### [Work task]
All the data should be repeated exactly. Any image in it is left out.

### [Records supplied]
····················
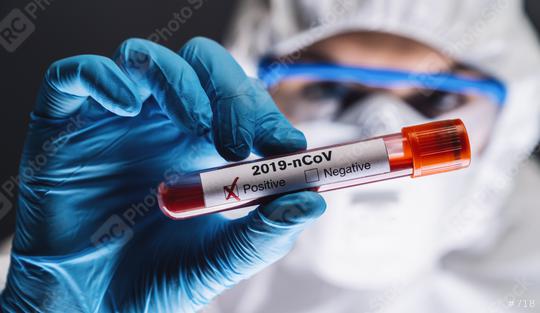Coronavirus 2019-nCoV Blood Sample. Corona virus outbreaking. Corona Virus in Lab. Scientist hold a tube with Blood Test awith the Virus. New Epidemic Corona Virus - Buy at rcfotostock this photo and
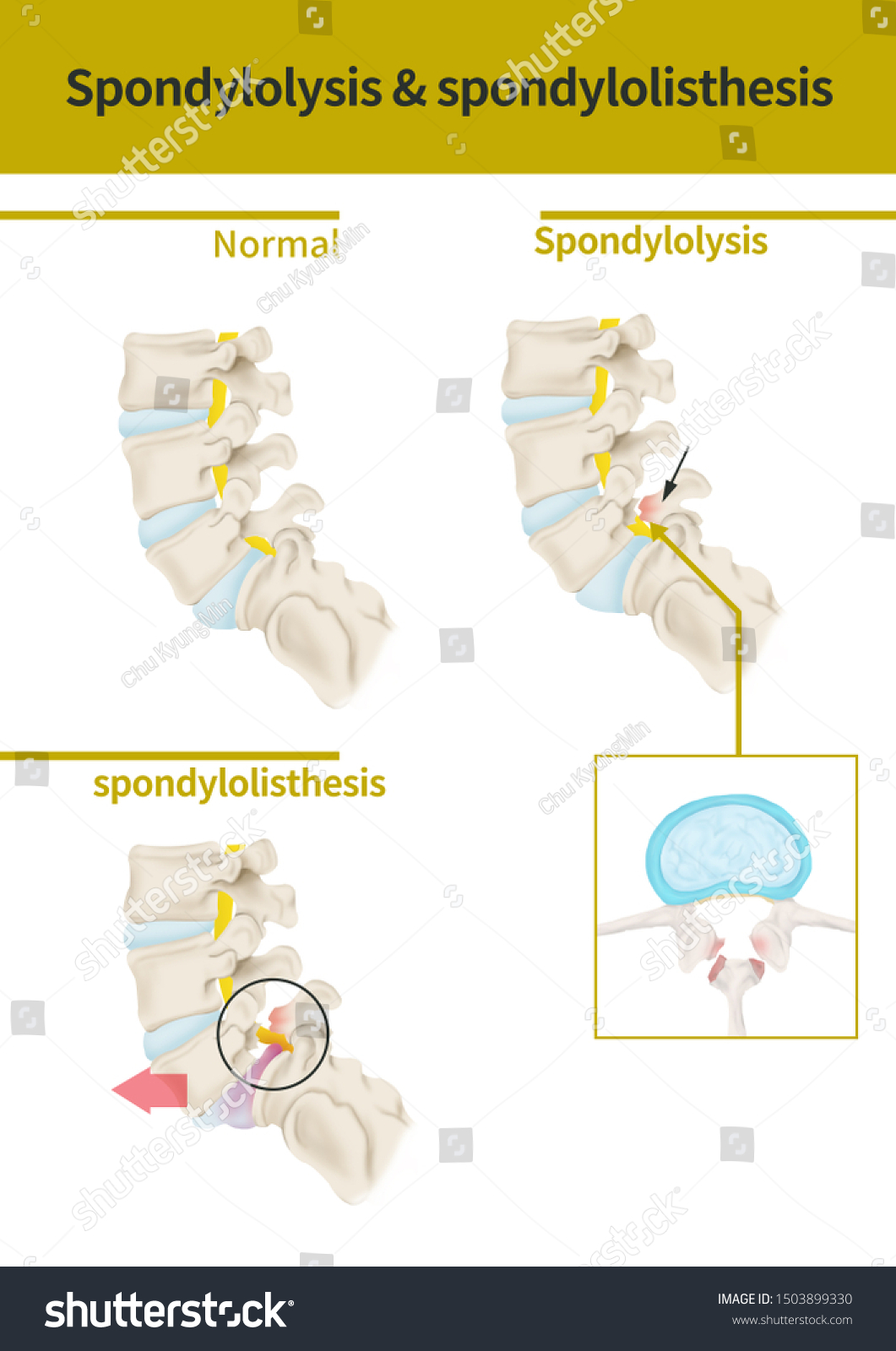 Medical Illustration Explain Spondylolysis Spondylolisthesis Stock ...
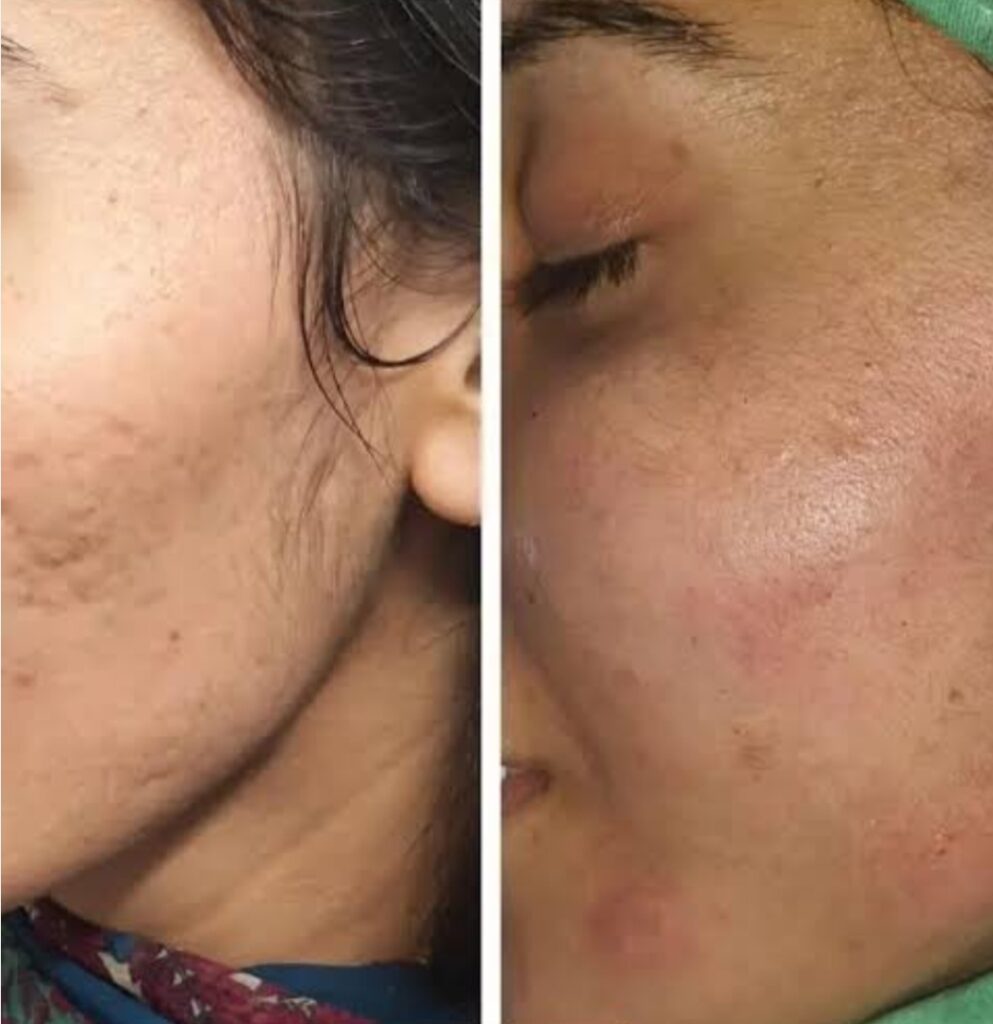 Image #2 from Ameera Naz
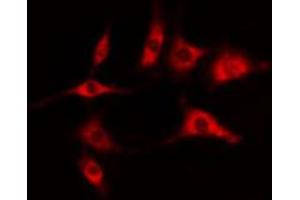 ABIN6274403 staining COLO205 cells by IF/ICC. (DOK6 anticorps  (Internal Region))
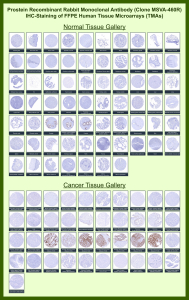 Solute carrier family 45 member 3 Rabbit Recombinant Monoclonal Antibody (MSVA-460R) tested on many normal and cancer tissues. The immunohistochemistry staining in these tissues aligns with the expression data in Human Protein Atlas. <br><br>Manual Protocol: Freshly cut sections should be used (less than 10 days between cutting and staining). Heat-induced antigen retrieval for 5 minutes in an autoclave at 121oC in pH 7.8 Target Retrieval Solution buffer. Apply the antibody at a dilution of 1:150 at 37oC for 60 minutes. Visualization of bound antibody by the EnVision Kit (Dako, Agilent) according to the manufacturer's directions.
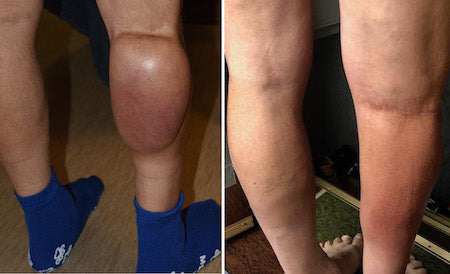 Diystar® SilverRelief Joint Therapy Gel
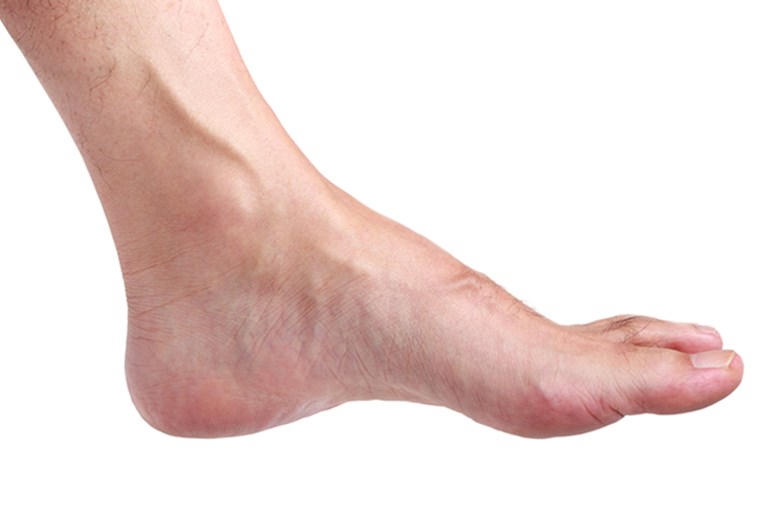 A person's foot, side view.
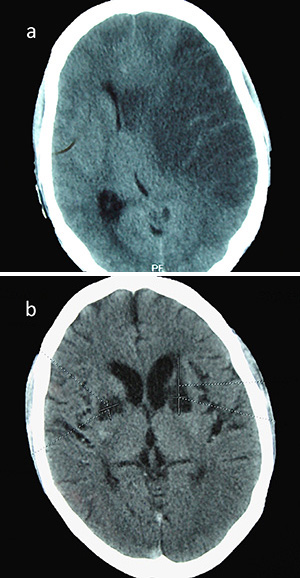 Figure. HIV-associated stroke: (a) middle cerebral artery infarct; 25-year-old HIV-infected male, CD4+ cell count = 42 cells/mm3; (b) bilateral basal ganglia infarcts; 25-year-old HIV-infected female, unknown CD4+ cell count.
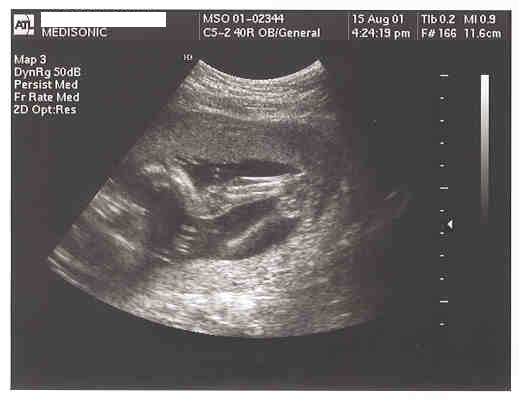 Sneak     Preview Two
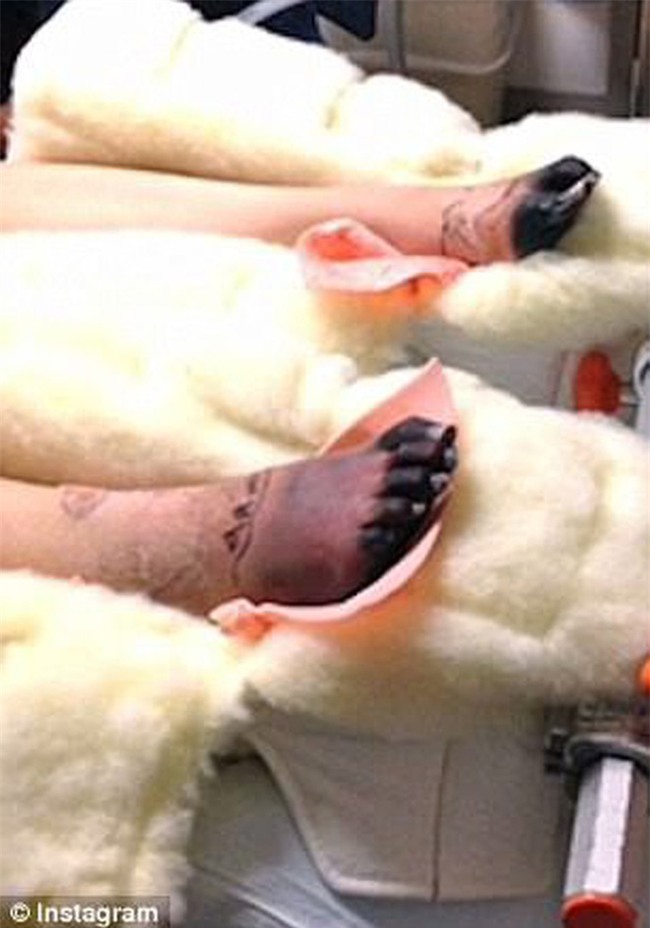 Sử dụng băng vệ sinh sai cách, người phụ nữ suýt nữa mất mạng, phải cắt bỏ cả 2 chân vì đau đớn - Ảnh 4.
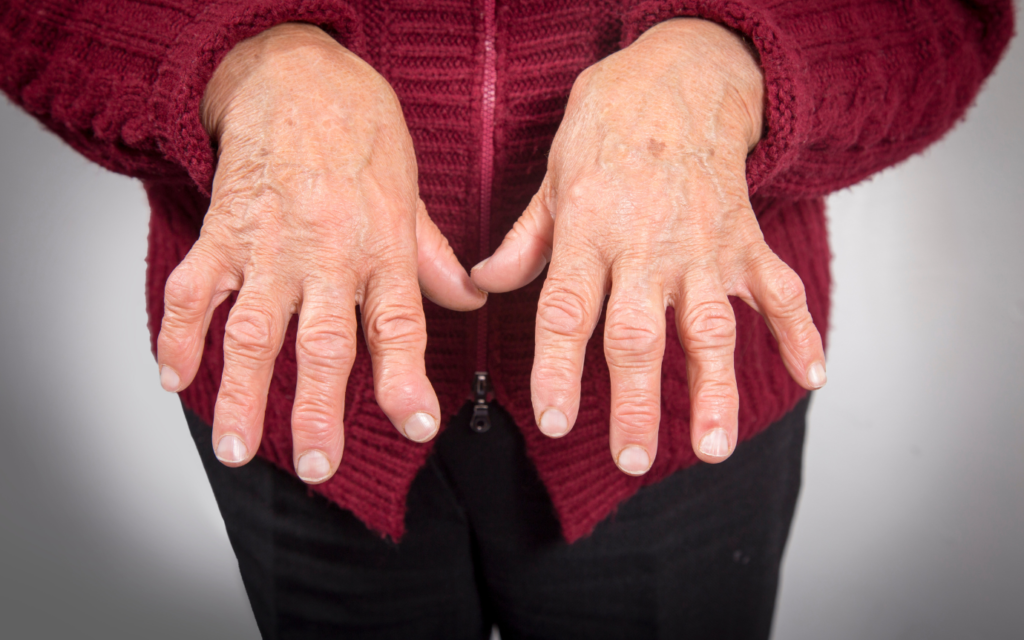 Rheumatoid Arthritis Di Tandai Peradangan Kronis Pada Sendi
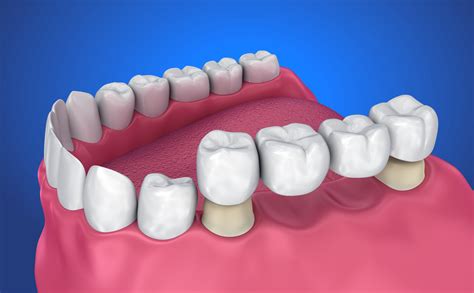 dental bridgr
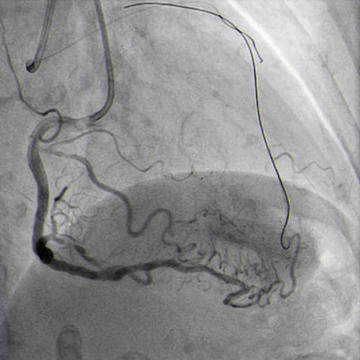 Floppy wire in diagonal branch to improve support.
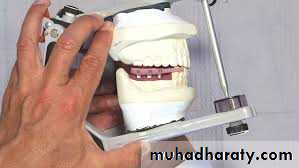 Interocclusal Record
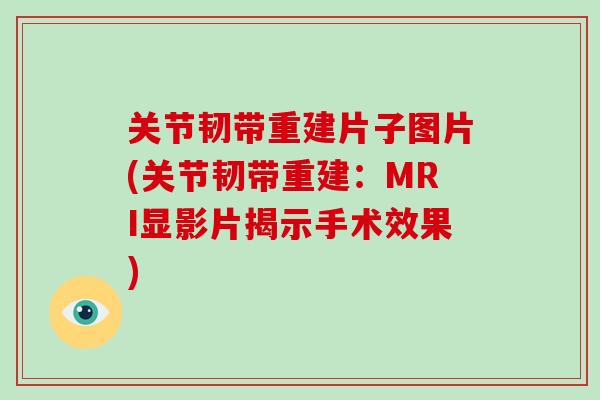 关节韧带重建片子图片(关节韧带重建：MRI显影片揭示手术效果)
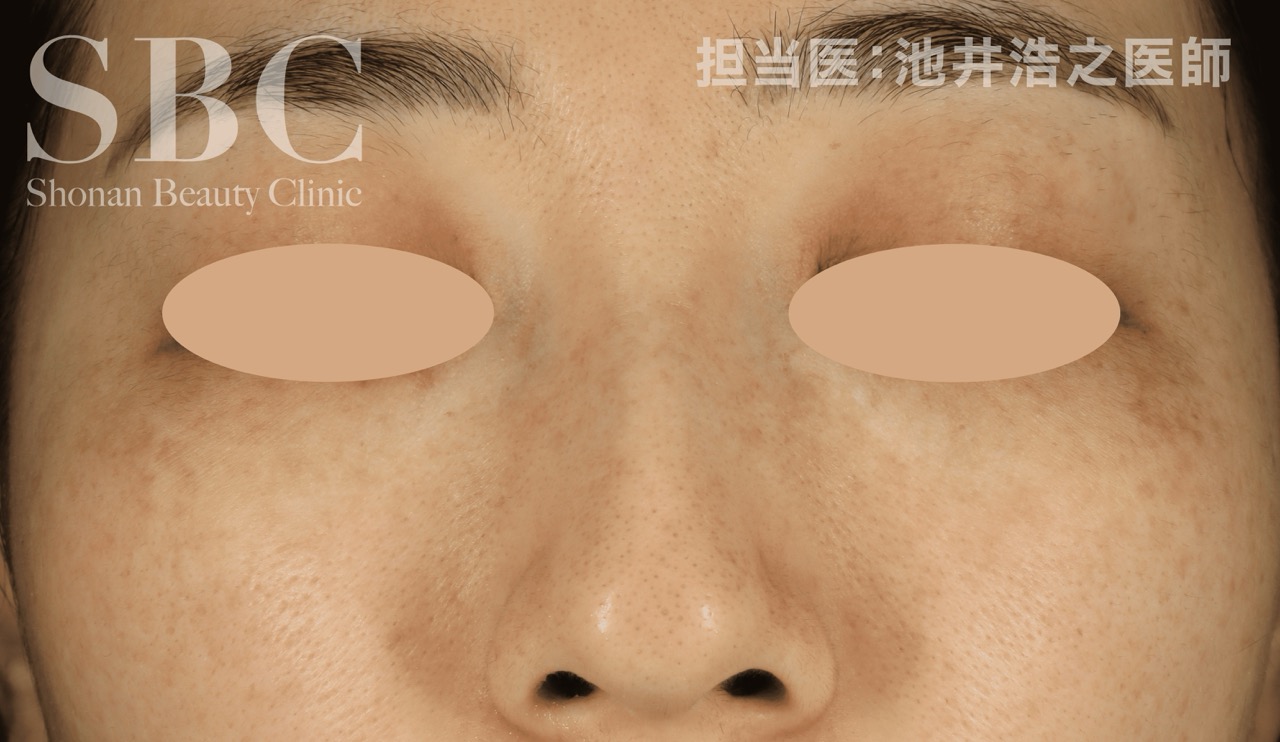 IPL光治療（シミ・小じわ改善）全顔3周＋韓国スキンブースター※初診料込 医療法人松本医院｜ライムライト（fotobright）｜光治療機器で高い治療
····················
### [Solution to this problem]
Coronavirus 2019-nCoV Blood Sample. Corona virus outbreaking. Corona Virus in Lab. Scientist hold a tube with Blood Test awith the Virus. New Epidemic Corona Virus - Buy at rcfotostock this photo and
 Medical Illustration Explain Spondylolysis Spondylolisthesis Stock ...
 Image #2 from Ameera Naz
 ABIN6274403 staining COLO205 cells by IF/ICC. (DOK6 anticorps  (Internal Region))
 Solute carrier family 45 member 3 Rabbit Recombinant Monoclonal Antibody (MSVA-460R) tested on many normal and cancer tissues. The immunohistochemistry staining in these tissues aligns with the expression data in Human Protein Atlas. <br><br>Manual Protocol: Freshly cut sections should be used (less than 10 days between cutting and staining). Heat-induced antigen retrieval for 5 minutes in an autoclave at 121oC in pH 7.8 Target Retrieval Solution buffer. Apply the antibody at a dilution of 1:150 at 37oC for 60 minutes. Visualization of bound antibody by the EnVision Kit (Dako, Agilent) according to the manufacturer's directions.
 Diystar® SilverRelief Joint Therapy Gel
 A person's foot, side view.
 Figure. HIV-associated stroke: (a) middle cerebral artery infarct; 25-year-old HIV-infected male, CD4+ cell count = 42 cells/mm3; (b) bilateral basal ganglia infarcts; 25-year-old HIV-infected female, unknown CD4+ cell count.
 Sneak     Preview Two
 Sử dụng băng vệ sinh sai cách, người phụ nữ suýt nữa mất mạng, phải cắt bỏ cả 2 chân vì đau đớn - Ảnh 4.
 Rheumatoid Arthritis Di Tandai Peradangan Kronis Pada Sendi
 dental bridgr
 Floppy wire in diagonal branch to improve support.
 Interocclusal Record
 关节韧带重建片子图片(关节韧带重建：MRI显影片揭示手术效果)
 IPL光治療（シミ・小じわ改善）全顔3周＋韓国スキンブースター※初診料込 医療法人松本医院｜ライムライト（fotobright）｜光治療機器で高い治療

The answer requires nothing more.